• Your assignment: Return only the lines running from the top of the entries to the line with "Golden house 2", inclusive, exactly as written.

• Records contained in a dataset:
....................

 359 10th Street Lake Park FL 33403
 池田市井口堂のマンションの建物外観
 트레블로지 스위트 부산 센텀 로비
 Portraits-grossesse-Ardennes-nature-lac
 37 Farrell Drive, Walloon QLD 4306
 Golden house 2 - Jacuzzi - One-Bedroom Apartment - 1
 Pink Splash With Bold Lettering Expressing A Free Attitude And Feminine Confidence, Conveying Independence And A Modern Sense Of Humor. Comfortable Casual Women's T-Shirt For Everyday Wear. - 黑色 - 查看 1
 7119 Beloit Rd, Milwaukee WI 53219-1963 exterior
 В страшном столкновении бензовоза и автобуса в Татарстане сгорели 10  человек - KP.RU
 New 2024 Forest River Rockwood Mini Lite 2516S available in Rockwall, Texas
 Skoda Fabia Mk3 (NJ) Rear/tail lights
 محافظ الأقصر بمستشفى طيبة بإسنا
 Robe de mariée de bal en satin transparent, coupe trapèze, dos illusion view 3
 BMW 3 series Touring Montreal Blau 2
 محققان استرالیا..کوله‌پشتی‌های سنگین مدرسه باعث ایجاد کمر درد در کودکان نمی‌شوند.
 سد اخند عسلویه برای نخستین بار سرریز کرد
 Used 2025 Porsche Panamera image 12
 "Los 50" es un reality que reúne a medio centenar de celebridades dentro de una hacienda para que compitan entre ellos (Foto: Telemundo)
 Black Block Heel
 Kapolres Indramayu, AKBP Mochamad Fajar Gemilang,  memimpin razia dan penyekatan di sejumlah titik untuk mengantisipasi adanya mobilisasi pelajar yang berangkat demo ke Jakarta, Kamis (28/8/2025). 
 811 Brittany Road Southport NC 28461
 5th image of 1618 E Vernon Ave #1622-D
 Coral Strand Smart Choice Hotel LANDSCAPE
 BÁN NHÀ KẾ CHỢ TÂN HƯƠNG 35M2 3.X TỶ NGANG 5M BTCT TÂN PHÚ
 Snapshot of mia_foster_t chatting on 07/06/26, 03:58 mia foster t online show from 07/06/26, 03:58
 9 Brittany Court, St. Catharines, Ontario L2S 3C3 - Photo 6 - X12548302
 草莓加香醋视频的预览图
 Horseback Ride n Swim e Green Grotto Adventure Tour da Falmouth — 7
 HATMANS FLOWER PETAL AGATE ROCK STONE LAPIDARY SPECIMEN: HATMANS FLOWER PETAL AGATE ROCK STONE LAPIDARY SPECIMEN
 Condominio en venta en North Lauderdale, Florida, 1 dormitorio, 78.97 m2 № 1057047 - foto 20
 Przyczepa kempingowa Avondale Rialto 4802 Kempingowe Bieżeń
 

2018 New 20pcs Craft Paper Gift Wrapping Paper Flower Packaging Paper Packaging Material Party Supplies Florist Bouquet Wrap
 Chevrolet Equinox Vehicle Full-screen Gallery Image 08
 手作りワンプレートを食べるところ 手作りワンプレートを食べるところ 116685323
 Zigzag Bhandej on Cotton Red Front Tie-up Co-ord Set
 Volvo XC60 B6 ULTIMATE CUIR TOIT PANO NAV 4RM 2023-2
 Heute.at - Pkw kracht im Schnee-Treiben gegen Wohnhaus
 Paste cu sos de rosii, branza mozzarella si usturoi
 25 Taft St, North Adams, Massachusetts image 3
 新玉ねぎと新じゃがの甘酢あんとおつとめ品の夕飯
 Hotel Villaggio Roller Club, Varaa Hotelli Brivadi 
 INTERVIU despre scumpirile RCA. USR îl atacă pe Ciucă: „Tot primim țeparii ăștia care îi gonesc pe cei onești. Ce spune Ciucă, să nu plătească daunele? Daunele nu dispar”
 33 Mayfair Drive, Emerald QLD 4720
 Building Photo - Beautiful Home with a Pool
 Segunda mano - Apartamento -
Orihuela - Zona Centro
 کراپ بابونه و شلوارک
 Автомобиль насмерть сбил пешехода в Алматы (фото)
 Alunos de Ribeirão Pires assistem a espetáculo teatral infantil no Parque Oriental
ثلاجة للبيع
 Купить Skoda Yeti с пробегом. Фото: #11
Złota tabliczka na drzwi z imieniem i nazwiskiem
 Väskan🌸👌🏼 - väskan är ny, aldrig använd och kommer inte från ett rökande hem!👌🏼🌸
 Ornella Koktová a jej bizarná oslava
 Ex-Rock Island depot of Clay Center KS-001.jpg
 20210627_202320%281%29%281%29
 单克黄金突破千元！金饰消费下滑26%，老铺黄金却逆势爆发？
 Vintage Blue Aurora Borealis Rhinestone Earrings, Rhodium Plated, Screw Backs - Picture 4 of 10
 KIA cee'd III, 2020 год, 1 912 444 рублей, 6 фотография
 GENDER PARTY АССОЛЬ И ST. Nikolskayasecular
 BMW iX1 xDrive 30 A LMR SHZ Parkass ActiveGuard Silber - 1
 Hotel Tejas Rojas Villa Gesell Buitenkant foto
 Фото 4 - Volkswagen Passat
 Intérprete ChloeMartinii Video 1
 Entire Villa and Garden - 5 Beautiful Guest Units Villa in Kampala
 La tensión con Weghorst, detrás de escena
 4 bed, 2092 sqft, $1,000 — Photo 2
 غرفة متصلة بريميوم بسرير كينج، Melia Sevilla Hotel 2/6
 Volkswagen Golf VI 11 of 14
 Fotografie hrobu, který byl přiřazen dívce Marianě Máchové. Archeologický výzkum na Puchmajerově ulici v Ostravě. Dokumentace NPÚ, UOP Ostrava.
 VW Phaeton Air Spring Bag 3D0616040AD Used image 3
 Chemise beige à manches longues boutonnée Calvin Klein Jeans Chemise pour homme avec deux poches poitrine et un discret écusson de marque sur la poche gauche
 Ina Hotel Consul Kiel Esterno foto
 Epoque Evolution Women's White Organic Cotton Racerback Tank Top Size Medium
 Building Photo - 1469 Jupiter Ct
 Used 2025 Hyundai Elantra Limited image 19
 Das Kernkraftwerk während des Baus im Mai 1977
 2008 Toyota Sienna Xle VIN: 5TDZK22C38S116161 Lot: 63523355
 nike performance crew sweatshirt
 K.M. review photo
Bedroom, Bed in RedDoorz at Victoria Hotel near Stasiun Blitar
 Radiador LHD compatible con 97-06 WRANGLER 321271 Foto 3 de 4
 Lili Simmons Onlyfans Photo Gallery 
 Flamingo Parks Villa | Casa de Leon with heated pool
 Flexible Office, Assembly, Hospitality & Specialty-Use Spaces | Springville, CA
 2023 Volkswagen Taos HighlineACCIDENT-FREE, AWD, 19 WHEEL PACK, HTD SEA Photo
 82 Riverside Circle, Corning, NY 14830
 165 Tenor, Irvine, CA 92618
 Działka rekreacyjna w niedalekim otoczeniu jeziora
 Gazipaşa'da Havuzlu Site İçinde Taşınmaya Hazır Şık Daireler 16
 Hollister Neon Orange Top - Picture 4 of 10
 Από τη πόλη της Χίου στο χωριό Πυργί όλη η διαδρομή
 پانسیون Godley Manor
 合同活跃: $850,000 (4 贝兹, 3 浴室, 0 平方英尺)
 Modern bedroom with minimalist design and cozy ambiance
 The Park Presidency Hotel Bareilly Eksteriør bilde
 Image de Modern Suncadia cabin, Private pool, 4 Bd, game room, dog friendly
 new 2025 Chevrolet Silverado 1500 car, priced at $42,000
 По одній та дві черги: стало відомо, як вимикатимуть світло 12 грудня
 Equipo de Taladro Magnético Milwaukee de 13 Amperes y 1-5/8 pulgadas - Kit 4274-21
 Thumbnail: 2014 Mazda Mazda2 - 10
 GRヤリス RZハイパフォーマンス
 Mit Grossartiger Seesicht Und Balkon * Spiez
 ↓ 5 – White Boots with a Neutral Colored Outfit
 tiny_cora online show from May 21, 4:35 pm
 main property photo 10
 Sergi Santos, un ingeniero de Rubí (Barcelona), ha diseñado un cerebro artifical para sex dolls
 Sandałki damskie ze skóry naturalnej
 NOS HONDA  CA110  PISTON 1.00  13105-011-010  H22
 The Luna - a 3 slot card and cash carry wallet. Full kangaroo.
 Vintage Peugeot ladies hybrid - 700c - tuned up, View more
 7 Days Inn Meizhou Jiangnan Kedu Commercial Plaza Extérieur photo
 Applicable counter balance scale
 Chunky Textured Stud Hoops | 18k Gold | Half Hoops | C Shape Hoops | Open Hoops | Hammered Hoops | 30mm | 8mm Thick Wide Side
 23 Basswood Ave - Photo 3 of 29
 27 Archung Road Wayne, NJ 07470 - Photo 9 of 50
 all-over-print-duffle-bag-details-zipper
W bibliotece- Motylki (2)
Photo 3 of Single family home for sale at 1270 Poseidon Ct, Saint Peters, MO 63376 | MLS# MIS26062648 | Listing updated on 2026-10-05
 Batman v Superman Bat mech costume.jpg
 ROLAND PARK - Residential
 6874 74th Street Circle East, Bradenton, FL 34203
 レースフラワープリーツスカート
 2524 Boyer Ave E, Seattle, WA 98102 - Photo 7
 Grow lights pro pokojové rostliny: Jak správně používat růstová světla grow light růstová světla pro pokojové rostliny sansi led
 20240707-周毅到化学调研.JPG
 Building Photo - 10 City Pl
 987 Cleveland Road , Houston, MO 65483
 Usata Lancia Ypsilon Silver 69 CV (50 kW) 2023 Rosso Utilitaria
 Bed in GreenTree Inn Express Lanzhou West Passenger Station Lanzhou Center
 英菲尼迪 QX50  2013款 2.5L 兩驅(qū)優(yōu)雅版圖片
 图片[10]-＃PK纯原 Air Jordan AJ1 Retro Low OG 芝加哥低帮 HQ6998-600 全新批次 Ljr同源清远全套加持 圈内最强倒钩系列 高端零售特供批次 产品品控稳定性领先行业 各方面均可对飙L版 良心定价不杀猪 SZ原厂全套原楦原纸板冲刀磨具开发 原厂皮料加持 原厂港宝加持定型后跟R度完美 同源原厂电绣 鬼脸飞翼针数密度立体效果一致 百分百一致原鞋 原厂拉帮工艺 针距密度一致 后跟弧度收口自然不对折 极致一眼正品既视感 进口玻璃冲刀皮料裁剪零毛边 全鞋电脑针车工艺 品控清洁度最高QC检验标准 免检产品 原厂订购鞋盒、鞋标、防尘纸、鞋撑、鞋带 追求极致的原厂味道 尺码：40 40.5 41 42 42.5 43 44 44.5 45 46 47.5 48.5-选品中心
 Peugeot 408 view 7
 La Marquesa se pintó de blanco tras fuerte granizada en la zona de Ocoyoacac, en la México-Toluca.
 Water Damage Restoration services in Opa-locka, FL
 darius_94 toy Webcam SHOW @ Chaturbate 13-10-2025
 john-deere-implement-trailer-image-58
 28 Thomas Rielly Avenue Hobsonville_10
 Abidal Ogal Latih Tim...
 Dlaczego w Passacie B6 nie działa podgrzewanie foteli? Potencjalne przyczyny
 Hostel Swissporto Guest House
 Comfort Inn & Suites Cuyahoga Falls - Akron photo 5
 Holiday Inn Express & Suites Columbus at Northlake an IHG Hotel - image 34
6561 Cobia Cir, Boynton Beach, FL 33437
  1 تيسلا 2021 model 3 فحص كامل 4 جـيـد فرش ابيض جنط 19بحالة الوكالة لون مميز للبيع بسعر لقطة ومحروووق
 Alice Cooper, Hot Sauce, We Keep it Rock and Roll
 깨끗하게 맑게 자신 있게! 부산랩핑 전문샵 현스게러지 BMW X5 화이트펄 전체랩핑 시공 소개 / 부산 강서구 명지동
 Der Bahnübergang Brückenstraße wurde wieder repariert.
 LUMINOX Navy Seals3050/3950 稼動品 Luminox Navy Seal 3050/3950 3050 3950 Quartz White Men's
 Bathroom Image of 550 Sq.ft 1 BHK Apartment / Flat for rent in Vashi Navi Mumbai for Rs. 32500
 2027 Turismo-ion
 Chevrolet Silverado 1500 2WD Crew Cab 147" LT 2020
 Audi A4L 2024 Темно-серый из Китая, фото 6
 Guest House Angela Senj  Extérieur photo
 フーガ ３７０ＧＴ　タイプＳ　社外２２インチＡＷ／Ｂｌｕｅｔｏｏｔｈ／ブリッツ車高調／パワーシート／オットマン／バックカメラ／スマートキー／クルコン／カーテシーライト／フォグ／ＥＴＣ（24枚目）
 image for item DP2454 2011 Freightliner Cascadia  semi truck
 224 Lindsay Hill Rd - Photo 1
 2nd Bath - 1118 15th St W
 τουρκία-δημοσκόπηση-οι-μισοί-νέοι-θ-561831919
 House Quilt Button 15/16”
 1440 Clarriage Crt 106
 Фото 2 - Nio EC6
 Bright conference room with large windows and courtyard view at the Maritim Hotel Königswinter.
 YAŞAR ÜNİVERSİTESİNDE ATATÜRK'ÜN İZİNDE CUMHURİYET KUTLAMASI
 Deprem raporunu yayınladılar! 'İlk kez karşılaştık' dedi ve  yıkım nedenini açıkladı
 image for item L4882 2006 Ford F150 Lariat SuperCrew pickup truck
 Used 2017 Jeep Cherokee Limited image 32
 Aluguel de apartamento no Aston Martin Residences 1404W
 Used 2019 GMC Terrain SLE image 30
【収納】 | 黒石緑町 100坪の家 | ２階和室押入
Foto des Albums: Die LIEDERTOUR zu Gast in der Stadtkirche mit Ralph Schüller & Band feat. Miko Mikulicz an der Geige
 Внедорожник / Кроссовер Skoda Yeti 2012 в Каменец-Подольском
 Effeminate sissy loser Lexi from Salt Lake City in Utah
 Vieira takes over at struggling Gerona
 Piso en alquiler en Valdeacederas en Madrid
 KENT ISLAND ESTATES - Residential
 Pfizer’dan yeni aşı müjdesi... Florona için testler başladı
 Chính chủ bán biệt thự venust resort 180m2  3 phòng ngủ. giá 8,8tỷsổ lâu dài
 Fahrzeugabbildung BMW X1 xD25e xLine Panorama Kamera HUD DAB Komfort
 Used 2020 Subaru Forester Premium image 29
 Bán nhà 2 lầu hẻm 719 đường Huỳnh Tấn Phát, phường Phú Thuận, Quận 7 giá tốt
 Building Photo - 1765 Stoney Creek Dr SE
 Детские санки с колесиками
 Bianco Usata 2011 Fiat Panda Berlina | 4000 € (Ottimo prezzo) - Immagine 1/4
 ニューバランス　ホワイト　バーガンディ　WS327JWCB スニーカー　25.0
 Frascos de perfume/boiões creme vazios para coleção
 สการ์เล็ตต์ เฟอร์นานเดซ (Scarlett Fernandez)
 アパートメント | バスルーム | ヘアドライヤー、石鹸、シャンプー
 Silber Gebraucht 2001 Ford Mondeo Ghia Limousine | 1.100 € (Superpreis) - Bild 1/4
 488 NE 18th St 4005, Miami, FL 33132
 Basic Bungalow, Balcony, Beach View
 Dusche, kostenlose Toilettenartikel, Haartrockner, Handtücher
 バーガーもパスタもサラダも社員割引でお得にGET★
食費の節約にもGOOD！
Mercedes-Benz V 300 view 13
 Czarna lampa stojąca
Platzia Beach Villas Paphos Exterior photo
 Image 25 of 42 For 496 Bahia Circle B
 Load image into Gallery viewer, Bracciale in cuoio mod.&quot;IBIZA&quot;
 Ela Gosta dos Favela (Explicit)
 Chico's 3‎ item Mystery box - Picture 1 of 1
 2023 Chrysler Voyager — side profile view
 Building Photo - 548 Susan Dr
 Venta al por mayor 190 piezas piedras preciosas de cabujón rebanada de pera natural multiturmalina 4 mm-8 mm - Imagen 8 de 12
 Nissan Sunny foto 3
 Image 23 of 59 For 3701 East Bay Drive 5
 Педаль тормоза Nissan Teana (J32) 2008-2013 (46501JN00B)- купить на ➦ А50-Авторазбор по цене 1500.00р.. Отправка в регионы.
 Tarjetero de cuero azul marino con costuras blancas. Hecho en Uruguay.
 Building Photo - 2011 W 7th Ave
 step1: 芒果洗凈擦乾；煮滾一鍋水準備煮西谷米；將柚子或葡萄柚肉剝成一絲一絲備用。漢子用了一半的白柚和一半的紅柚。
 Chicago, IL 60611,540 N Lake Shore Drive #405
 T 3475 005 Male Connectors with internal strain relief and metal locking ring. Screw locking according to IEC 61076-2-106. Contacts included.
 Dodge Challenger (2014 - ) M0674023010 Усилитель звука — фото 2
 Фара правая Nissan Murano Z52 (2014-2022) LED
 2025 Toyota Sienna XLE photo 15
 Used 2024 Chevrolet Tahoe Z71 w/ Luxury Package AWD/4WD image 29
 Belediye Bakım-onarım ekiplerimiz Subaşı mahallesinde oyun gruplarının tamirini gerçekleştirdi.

....................

• Solution to this problem:
 359 10th Street Lake Park FL 33403
 池田市井口堂のマンションの建物外観
 트레블로지 스위트 부산 센텀 로비
 Portraits-grossesse-Ardennes-nature-lac
 37 Farrell Drive, Walloon QLD 4306
 Golden house 2 - Jacuzzi - One-Bedroom Apartment - 1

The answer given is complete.